Hoje, uma nova pesquisa estabelece correlação entre a perda de sono, com os problemas que isto acarreta, e mudança climática. Pesquisadores da Universidade de Copenhagen, na Dinamarca, descobriram que o aumento das temperaturas noturnas, impulsionado pela mudança climática, encurta o sono, adiando seu início e reduzindo a qualidade de descanso.
O estudo, publicado na semana passada na revista One Earth, mostra que as pessoas monitoradas perderam horas de descanso até em locais onde as temperaturas não eram muito elevadas e tiveram dificuldades para se adaptar a climas desafiantes. Os pesquisadores alertam que a perda de sono continuará à medida que aumentarem as temperaturas, e estimam que as pessoas terão o equivalente a 13 ou 15 dias de sono ruim, a cada ano, até o final do século.
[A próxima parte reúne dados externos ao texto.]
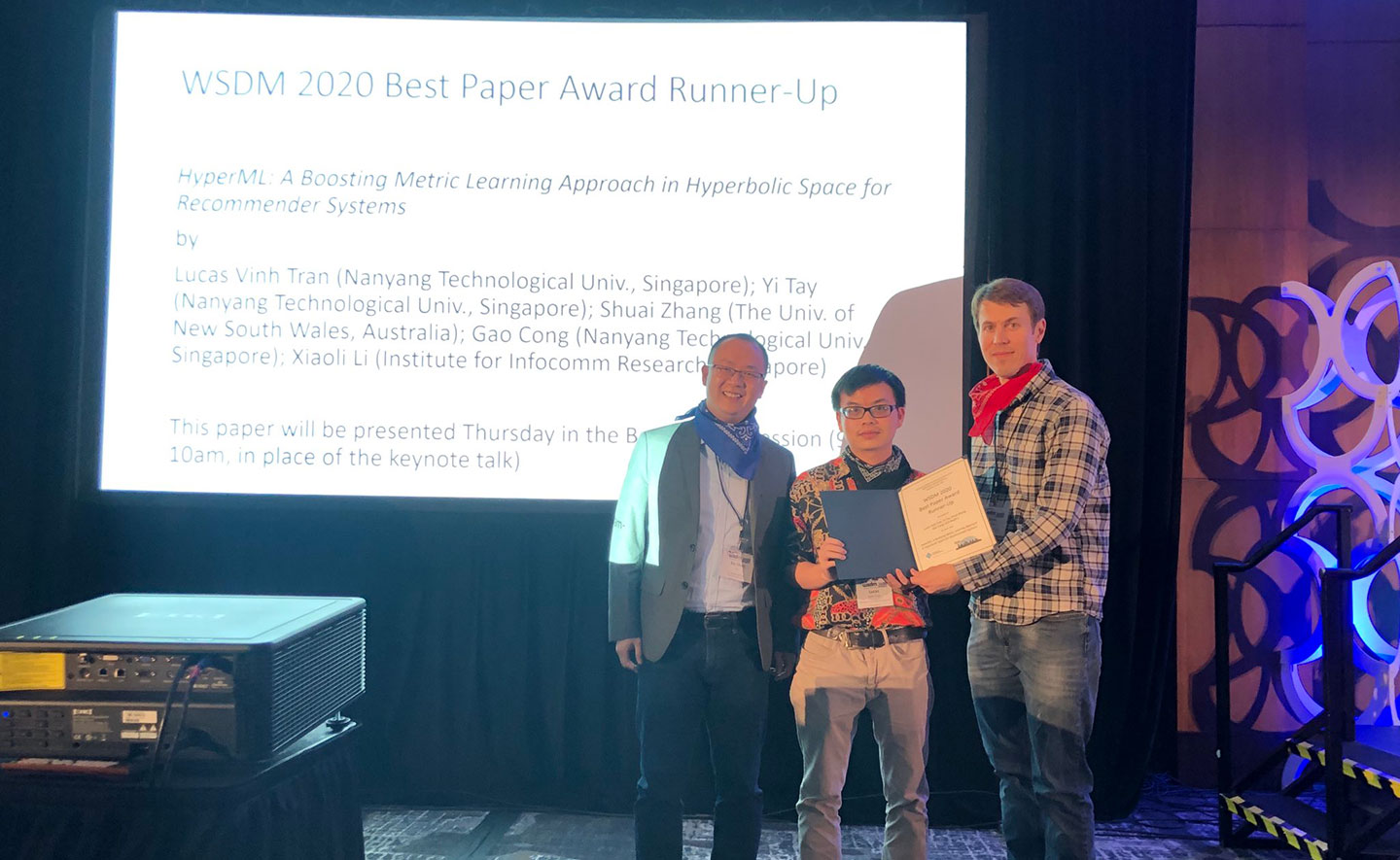 SCSE PhD student, Lucas Vinh Tran received the award certificate from the General Chairs of WSDM 2020, Prof James Caverlee (Texas A&M University) and Prof Xia Hu, Ben (Texas A&M University) in Houston, Texas.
É um exemplo muito claro de como as mudanças climáticas afetam a vida cotidiana das pessoas, dizem os especialistas, não só em forma de catástrofes, como secas ou inundações, mas em pequenos custos. A perda de sono devido às mudanças climáticas “já está acontecendo não no futuro, mas hoje”, diz Kelton Minor, principal autor do estudo e pesquisador da Universidade de Copenhague.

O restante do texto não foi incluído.